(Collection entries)

□ □ □ □ □ □ □

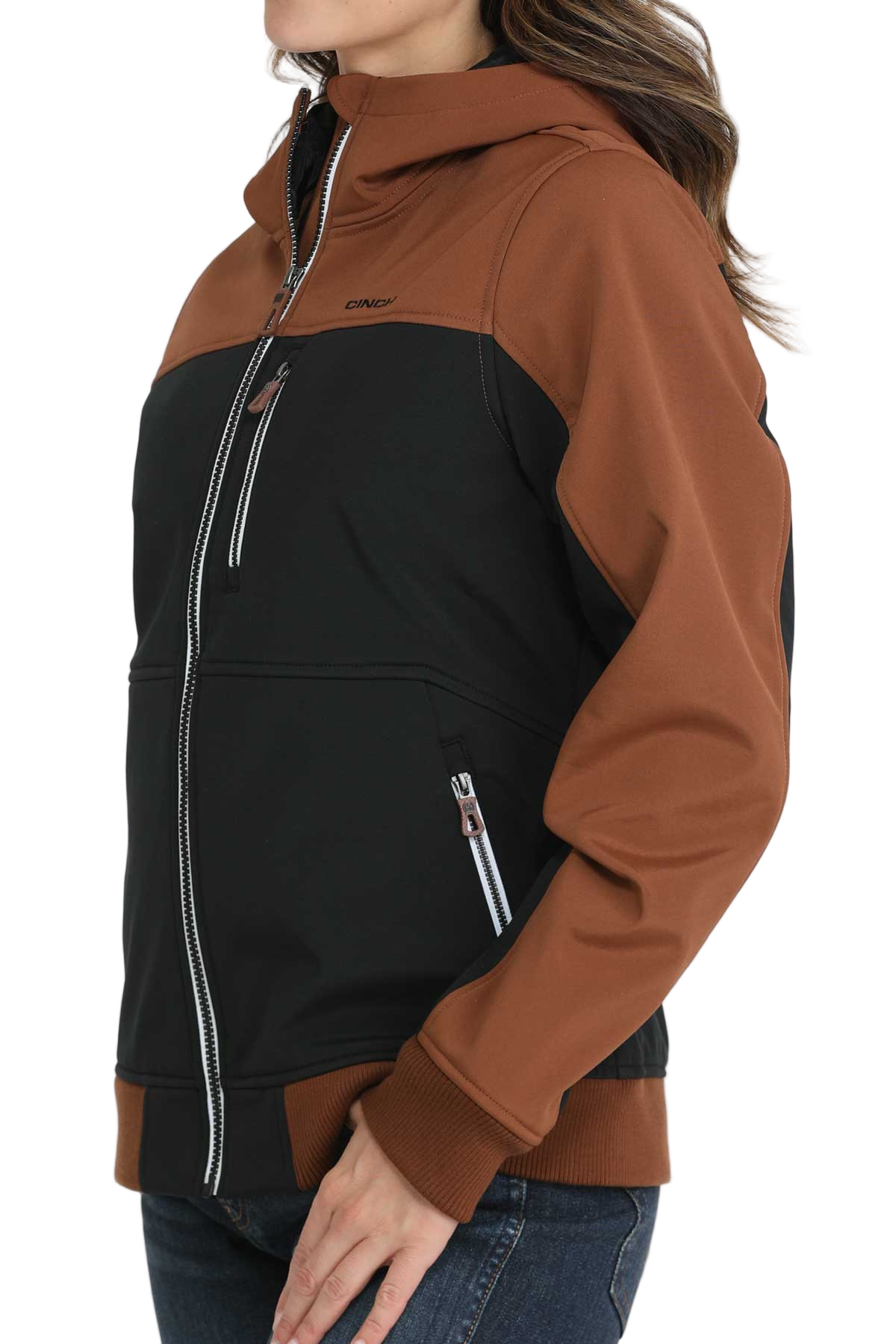 Woman wearing a two-tone hooded jacket with a brown upper section and sleeves and a black lower body. The jacket features a full front zipper, white contrast stitching, and zippered pockets. She pairs it with blue jeans.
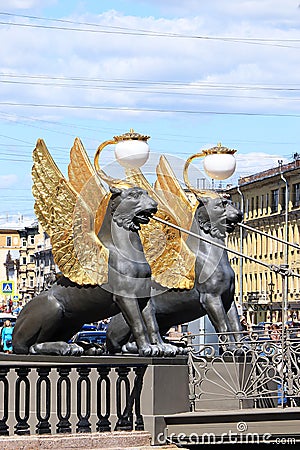 Russia, Petersburg, June 29, 2019. Winged lions on the Bank Bridge. Griffins on the Bank Bridge on the Fontanka River, according Editorial Stock Photo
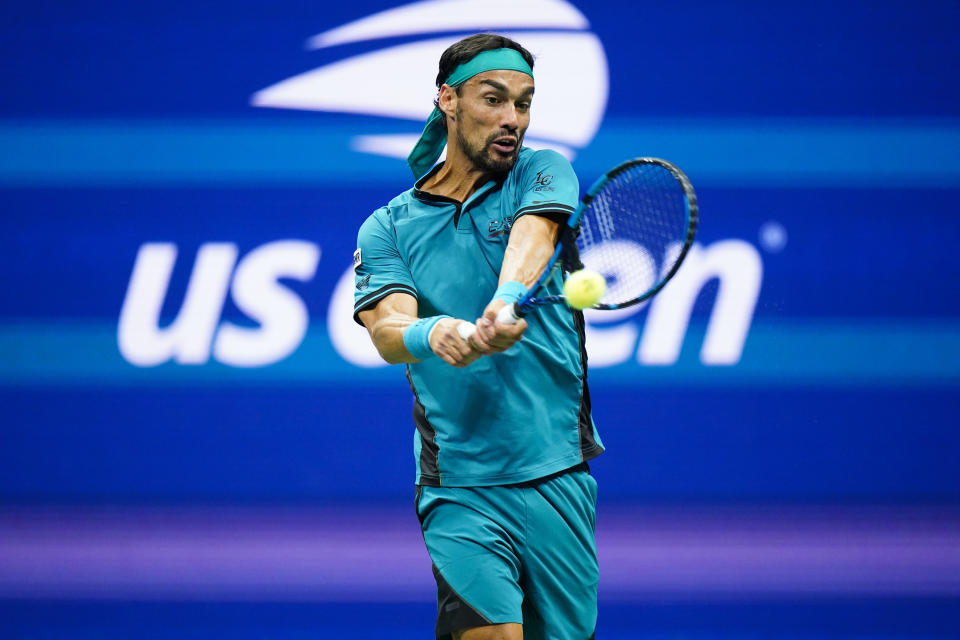 Fabio Fognini, of Italy, returns a shot to Rafael Nadal, of Spain, during the second round of the U.S. Open tennis championships, Thursday, Sept. 1, 2022, in New York. (AP Photo/Frank Franklin II)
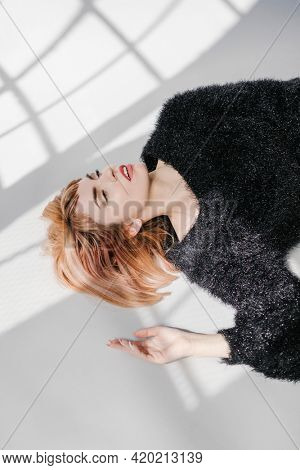 Brown hair woman in a black fluffy sweater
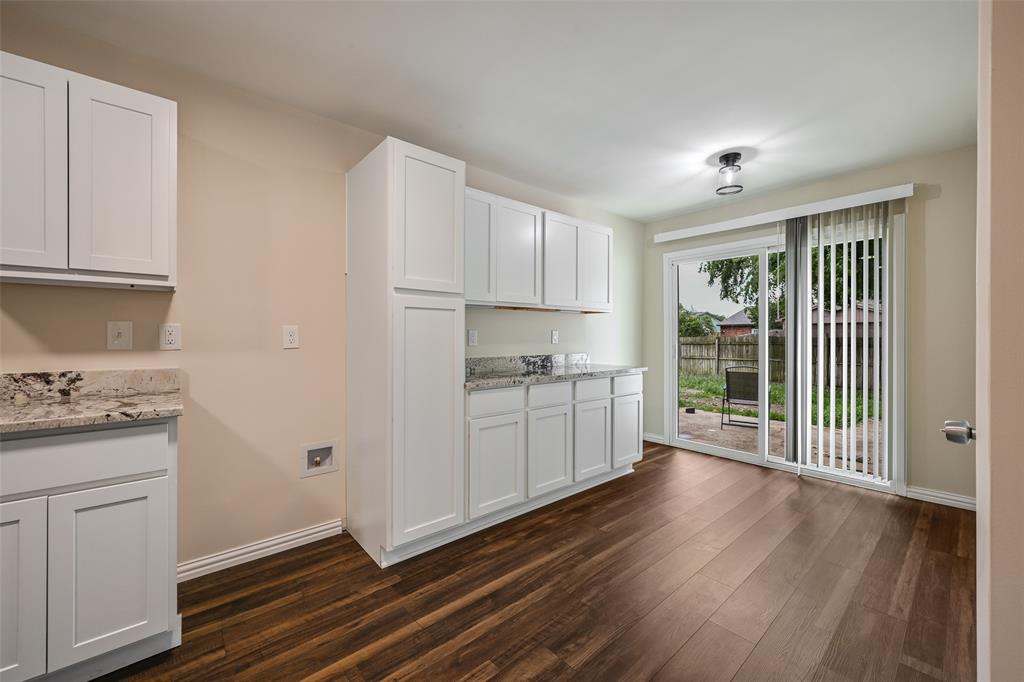 7318 Emory Oak Lane Dallas, TX 75249 - Photo 8 of 28 Kitchenette featuring white cabinetry, light-toned countertops, and wood-finish flooring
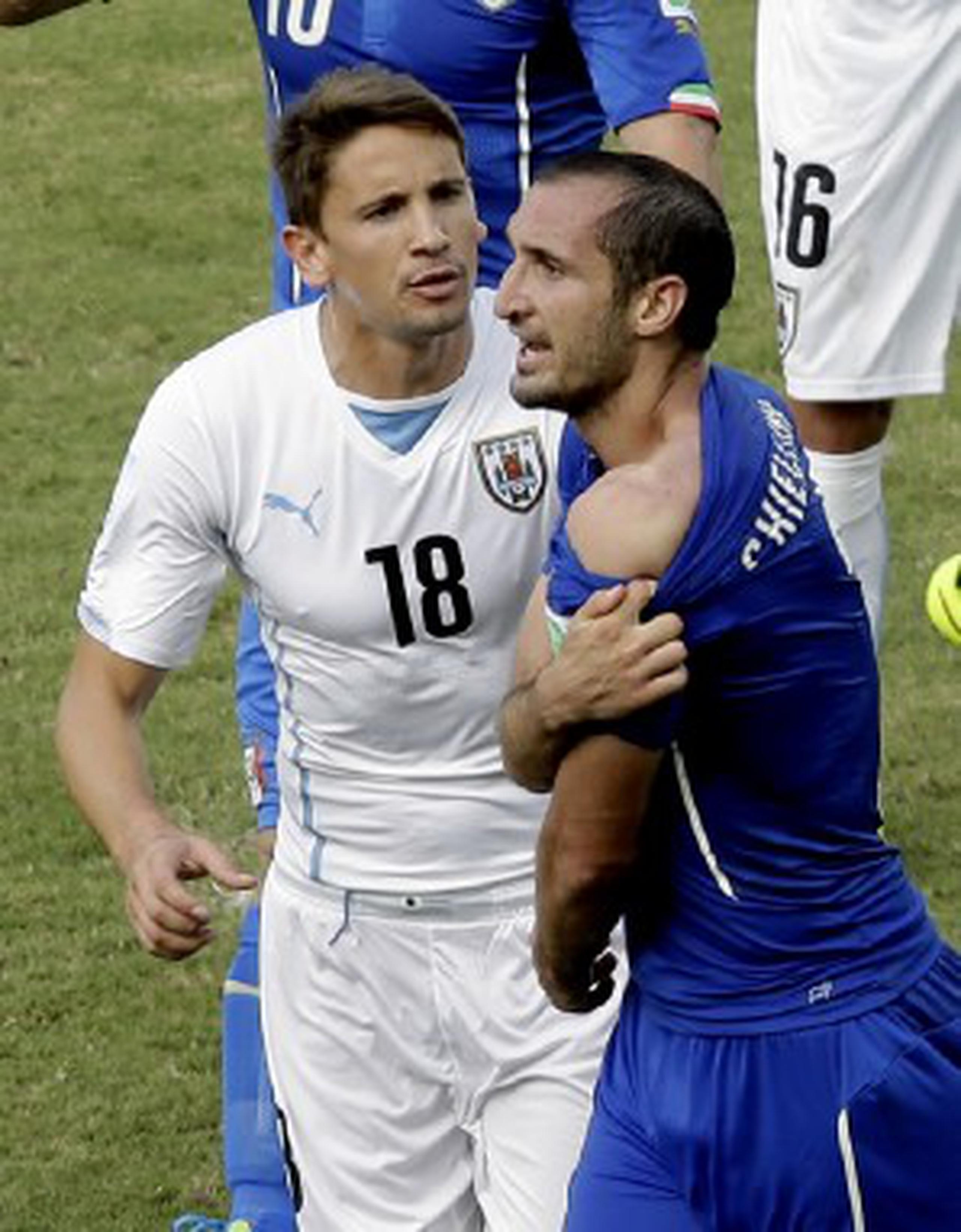 El defensor italiano Giorgio Chiellini muestra la supuesta mordida que recibió en el hombro de parte del uruguayo Luis Suárez. (AP \ Hassan Ammar)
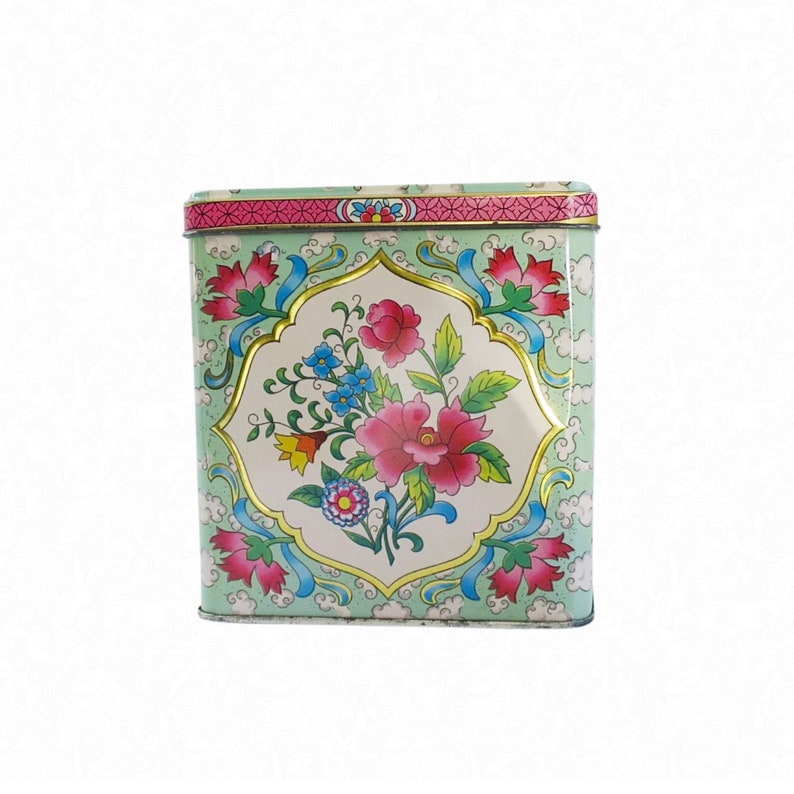 Daher vintage floral pattern storage tin, approximately 4 inches high with hinged lid. Perfect Gift for vintage collectors or farmhouse kitchen decor.  More vintage gifts and supplies at swirlingorange11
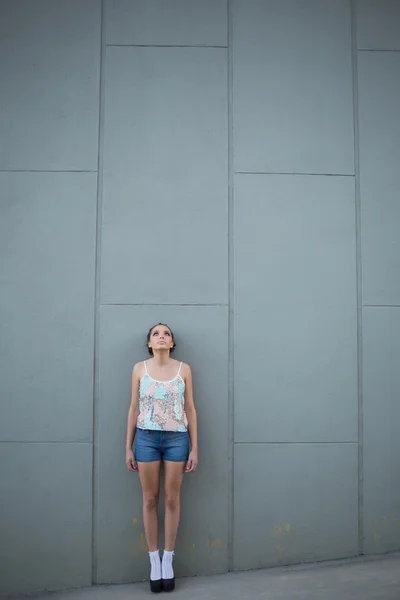 Belle femme debout devant un mur gris — Photo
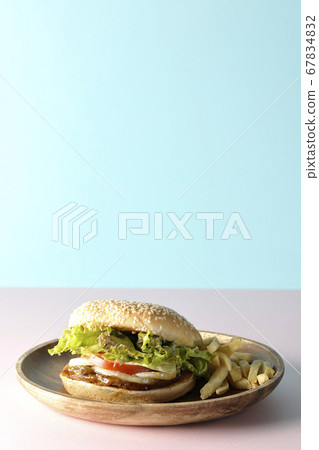 Teriyaki burger and potato fries on a wooden plate taken using two background papers of pink and light blue 67834832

□ □ □ □ □ □ □

All lines from the one bearing "Brown hair woman in a black fluffy sweater" through the last line of the records, and only those, should be duplicated exactly; no picture belongs in the copy.

YOUR RESPONSE
 Brown hair woman in a black fluffy sweater
 7318 Emory Oak Lane Dallas, TX 75249 - Photo 8 of 28 Kitchenette featuring white cabinetry, light-toned countertops, and wood-finish flooring
 El defensor italiano Giorgio Chiellini muestra la supuesta mordida que recibió en el hombro de parte del uruguayo Luis Suárez. (AP \ Hassan Ammar)
 Daher vintage floral pattern storage tin, approximately 4 inches high with hinged lid. Perfect Gift for vintage collectors or farmhouse kitchen decor.  More vintage gifts and supplies at swirlingorange11
 Belle femme debout devant un mur gris — Photo
 Teriyaki burger and potato fries on a wooden plate taken using two background papers of pink and light blue 67834832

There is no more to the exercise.